声上げ始めた死刑存置派 弁護士会、相次ぐ廃止決議の中 2020.12.22

2020-12-22 | 死刑/重刑/生命犯

声上げ始めた死刑存置派 弁護士会、相次ぐ廃止決議の中 
 中日新聞 2020年12月21日 朝刊 社会(26面)
 死刑制度への賛否を巡り、弁護士たちの中で意見の違いが表に出てきた。日本弁護士連合会(日弁連)は「二〇二〇年までの死刑廃止」を掲げ、各地の弁護士会では廃止を求める決議の採択が増えている。一方で、これまで声高に主張することがなかった死刑支持派も声を上げ始めている。 (豊田直也) 

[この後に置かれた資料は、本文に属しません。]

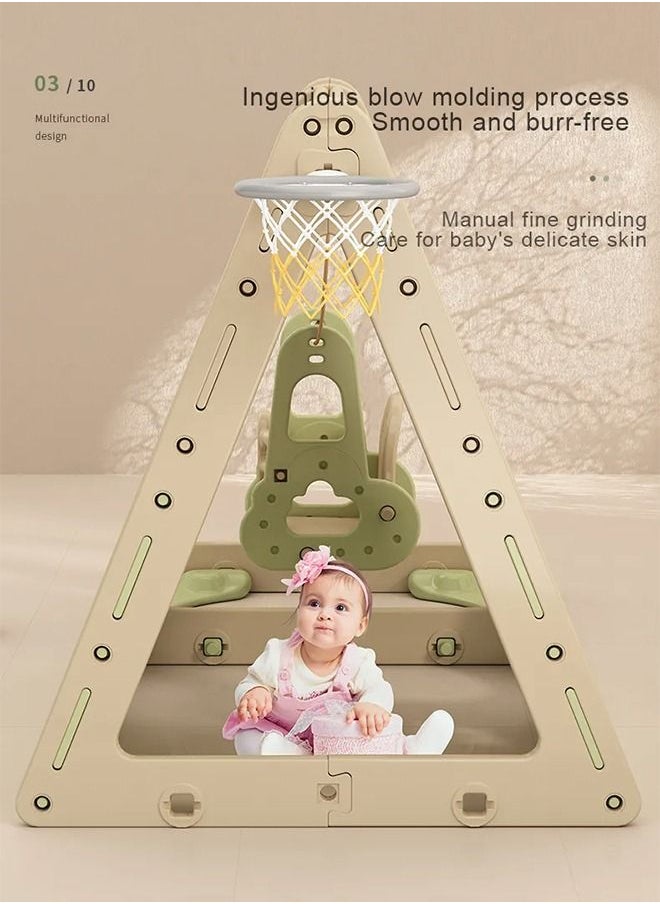 JSAITOYS - Multifunctional Game Toy Tent 6 in 1 Drawing Block Board Climbing Frame Basketball Hoop Toy Tent Suitable For 3 Years Children - Image 1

 愛知県弁護士会は十五日に臨時総会を開き、死刑の執行停止と死刑制度の廃止を国に求める決議を初めて採択した。所属する弁護士二千三十五人のうち、投票したのは三割強の六百二十三人。内訳は賛成五百八十一人、反対三十八人、棄権四人だった。 
 決議は死刑を「かけがえのない生命を奪う非人道的な刑罰」と非難。「廃止は国際的な趨勢であり、冤罪・誤判で執行されてしまったら取り返しがつかない」としている。 
 決議のきっかけは、一六年に福井市で開かれた日弁連の人権擁護大会だ。大会では今年四月に京都市で開催予定だった国連犯罪防止刑事司法会議を念頭に、二〇年までの廃止実現を目標に定めた宣言を採択した。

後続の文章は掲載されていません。